Angst vor den Ungarn hat man auch auf der anderen Seite nicht. Pamhagen liegt direkt an der Grenze, nur wenig vom Ostufer des Neusiedler Sees entfernt. Um vom so genannten Seewinkel in die burgenländische Landeshauptstadt Eisenstadt zu gelangen, musste man vor 1989 um den ganzen See herumfahren, denn das kleine Südufer ist ungarisch. Wollte man von Pamhagen in das in Luftlinie 20 Kilometer entfernte Deutschkreuz, so musste man einen Umweg von 100 Kilometern machen. Jetzt fährt man einfach über das „ungarische Eck“. In den letzten Jahren hat der Seewinkel einen sichtbaren Aufschwung erfahren. Nicht nur als Ziel-1-Gebiet für EU-Förderungen, sondern vor allem durch die Öffnung der Grenze. Von Pamhagen bis Andau erstrecken sich Hunderte Hektar Gemüseäcker. Unter Plastikdächern oder unter freiem Himmel reifen dort Tomaten und Paprika, Erdbeeren und Gurken. „Ich weiß nicht, was der Seewinkel ohne die ungarischen Erntehelfer machen würde“, sagt Konsul Leier, der selbst in Pamhagen geboren wurde. Lorenz Weinzetl, der beim Heurigen „Hofa Toni“ über einem Achtel Welschriesling sitzt, sieht das genauso. Gerade war er mit dem Fahrrad „drüben“, um ein paar Erntearbeiter anzuwerben. Er hat sein ganzes aktives Leben an der ungarischen Grenze verbracht: als Zöllner. Zuerst hier in Pamhagen, bis 1949 der Eiserne Vorhang hochgezogen wurde. Als der Übergang dicht gemacht wurde, versetzte man Weinzetl nach Deutschkreuz, wo er die Flüchtlingswelle nach dem Aufstand 1956 erlebte. Eine Gruppe bewaffneter Studenten hat er entwaffnet. Und als der Zaun im August 1989 demontiert wurde, war er mit seinen damals 68 Jahren auch dabei. Die Grenze, ein Produkt der Verträge von Trianon 1919, sei künstlich und unsinnig. Familien wurden getrennt. Beziehungen zur anderen Seite hat man trotzdem weiter gepflegt.

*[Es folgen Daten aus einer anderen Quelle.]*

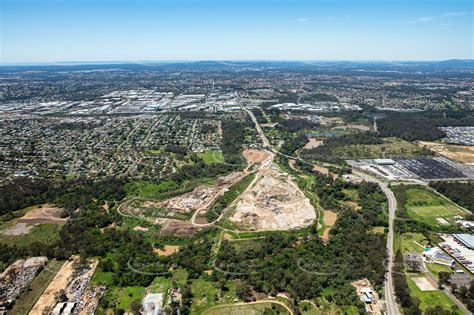 Aerial Photo Acacia Ridge QLD Aerial Photography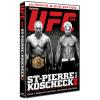 UFC 124 - St. Pierre vs. Koscheck 2 DVD (2 Discs)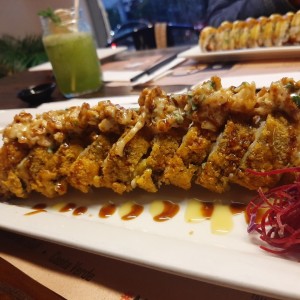 Rolls Especiales - Kung Fu Panda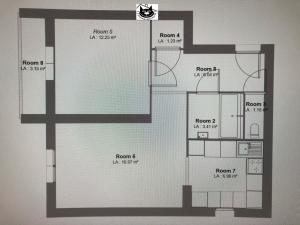 Pronájem bytu 2+1, Příbram - Příbram VII, Pod Čertovým pahorkem, 50 m2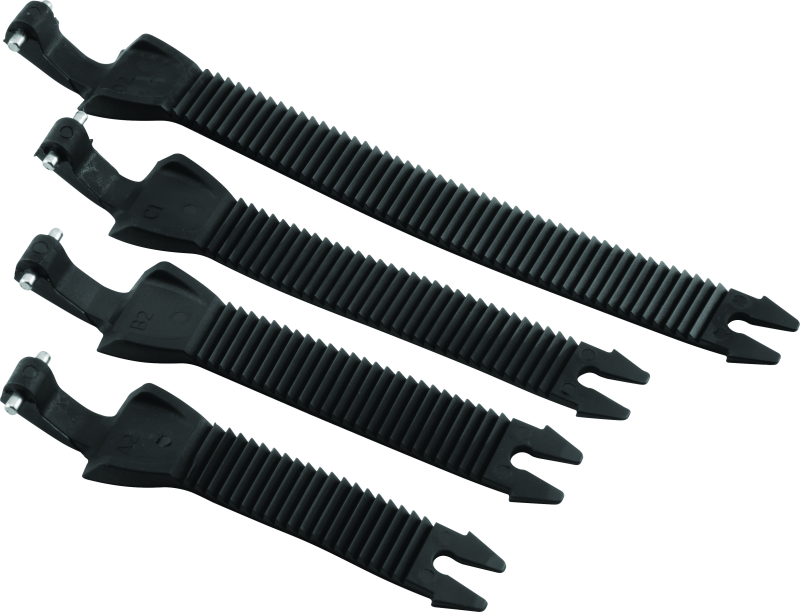 Answer Ar1 Boot Strap Kit Blk 445364 445364 Photo - Primary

Pamhagen erlebt aber auch einen Boom des Tourismus. Und auch dies wäre ohne ungarische Arbeitskräfte nicht möglich. Die meisten Radler übernachten hier, bevor sie eine Tagestour nach Ungarn unternehmen. Die meisten ungarischen Gastwirte können Deutsch. Selbst während der kommunistischen Zeit wurde an der Gastronomieschule in Sopron die Sprache der Nachbarn unterrichtet. Sprachkundig sind auch die Angestellten der Legionen an Friseur- und Kosmetiksalons, die im Grenzbereich mit günstigen Preisen locken. Über Nacht bleiben aber die wenigsten Touristen. Bürgermeister Károly Kurunczi von Jánossomorja will das ändern. Er träumt von einem Urlauberparadies, das mit Badeteichen und Golfplatz um eine aufgelassene Schottergrube entstehen soll.